Configuring Processing Options

  1. In the "Processing" section, decide whether to remove files after processing
  2. Toggle "Limit OCR" on if you need faster processing for simple documents
  3. Enable "Produce chunks from PDF" if you're working with large PDF files that need sectioning

Setting Output Format

  1. In the "Output" section, choose your preferred output format from the dropdown
  2. Enter a descriptive name for your result column (like "extracted_text" or "document_content")
  3. Click "Save Configuration" to apply your settings

Testing Your Setup

  1. Use the "Test Configuration" button to verify your settings
  2. Check that files are being found and processed correctly
  3. Review the output format to ensure it matches your needs

Industry Applications

Healthcare Organizations

Common Challenge: Medical records, lab reports, and patient forms exist in various formats that need to be digitized and searchable.

How This Node Helps: Converts all document types into searchable text, enabling automated patient record updates and compliance reporting.

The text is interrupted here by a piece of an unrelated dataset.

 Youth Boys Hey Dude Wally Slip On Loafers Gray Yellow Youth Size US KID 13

Configuration Recommendations:

  • Keep "Remove file after processing" off for HIPAA compliance
  • Use "Produce chunks from PDF" for multi-page medical reports
  • Set descriptive output names like "patient_record_text"

Results: Healthcare providers reduce record processing time by 80% and improve patient data accessibility.

Financial Services

Common Challenge: Banks and financial institutions process thousands of loan applications, statements, and compliance documents daily.

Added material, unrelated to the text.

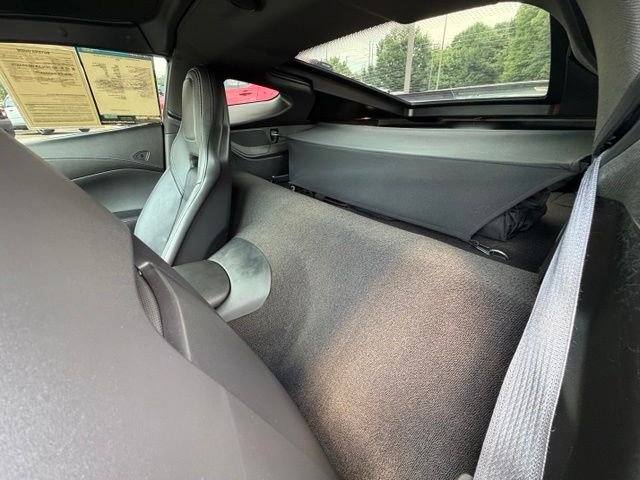 Used 2016 Red Chevrolet Z06 image 23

How This Node Helps: Automatically extracts text from financial documents for risk assessment, compliance checking, and data entry automation.

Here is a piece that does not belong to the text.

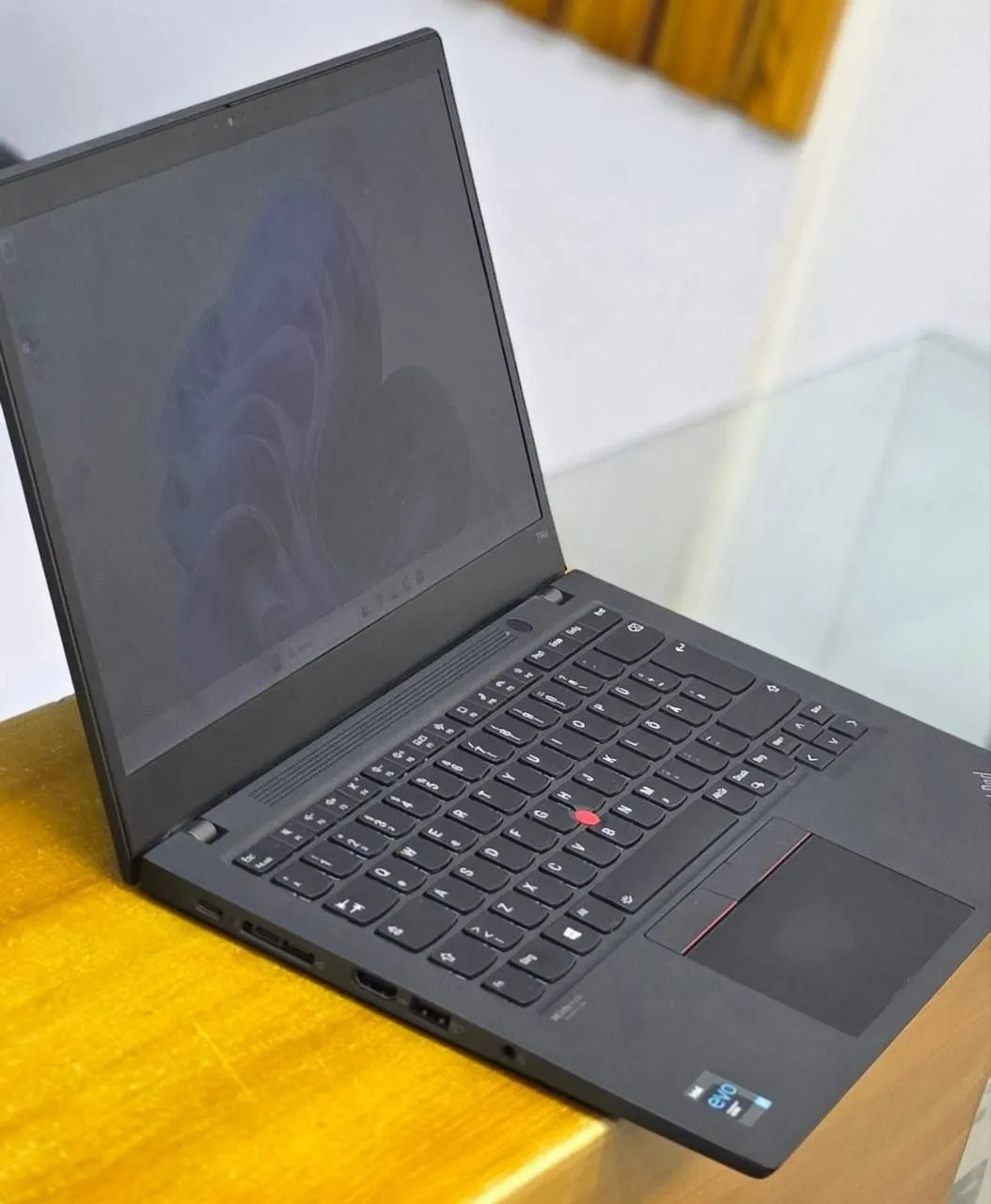 Lenovo ThinkPad T14s Gen 2i – photo 3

Configuration Recommendations:

  • Enable careful OCR processing for accuracy with financial data
  • Maintain original files for audit trails
  • Use chunking for complex multi-page financial reports

Results: Financial institutions see 70% faster loan processing and 95% reduction in data entry errors.

Real Estate

Common Challenge: Property documents, contracts, and inspection reports need to be processed and analyzed for key information.

How This Node Helps: Converts property documents into searchable text for automated analysis of terms, conditions, and property details.

Configuration Recommendations:

  • Process contracts in chunks for easier clause analysis
  • Preserve original documents for legal compliance
  • Use descriptive output naming for different document types

Results: Real estate firms reduce document processing time by 65% and improve accuracy in property analysis.

Best Practices

File Organization

  • Organize source files in clearly named folders
  • Use consistent file naming conventions
  • Ensure files are in supported formats (PDF, images, common document types)

Performance Optimization

  • Enable "Limit OCR" for high-volume processing of simple documents
  • Use chunking for large PDFs that will be analyzed by AI nodes
  • Consider file cleanup policies based on your business requirements

Quality Assurance

  • Test with sample files before processing large batches
  • Verify output formatting meets your downstream node requirements
  • Monitor processing results for accuracy and completeness

Security Considerations

  • Be cautious with the "Remove file after processing" option for sensitive documents
  • Ensure proper access controls on source file locations
  • Consider compliance requirements when configuring file handling options

The FileToText node transforms your document processing workflows from manual, time-consuming tasks into automated, efficient operations that scale with your business needs.